___ RAW DATA

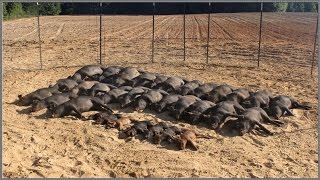 Wild Hog Trapping  9 3333 Feral Hog Capture  JAGER PRO™ [upl. by Ymereg520]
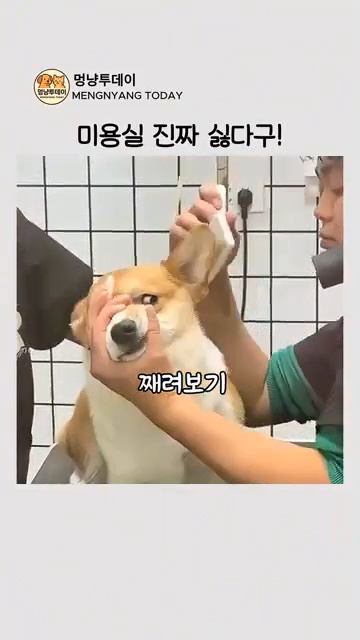 Реакция собак 🐶 на стрижку ✂️ смотреть онлайн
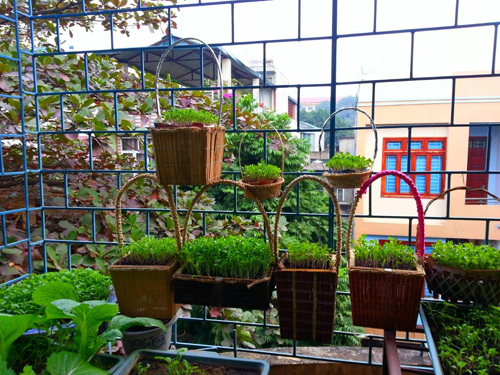 Mẹ Lào Cai trồng rau mầm kín bậu cửa sổ cho chồng con - 1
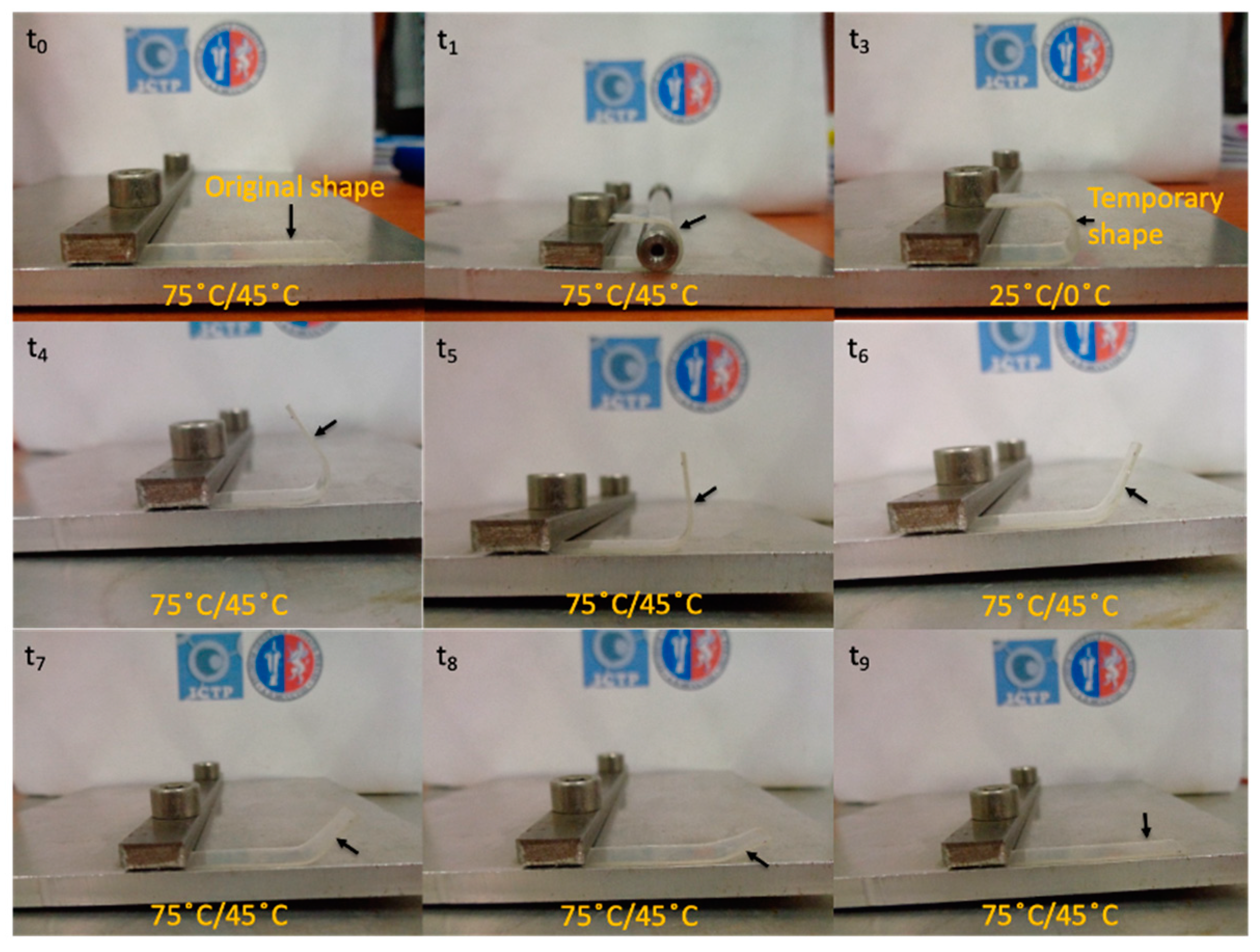 Polymers 16 01107 g007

______

- _WHAT YOU HAVE TO DO_: Could you repeat word for word only the lines from the one that contains "Mẹ Lào Cai trồng" through the end of the listing, leaving out the pictures?

- _RESULT_:
 Mẹ Lào Cai trồng rau mầm kín bậu cửa sổ cho chồng con - 1
 Polymers 16 01107 g007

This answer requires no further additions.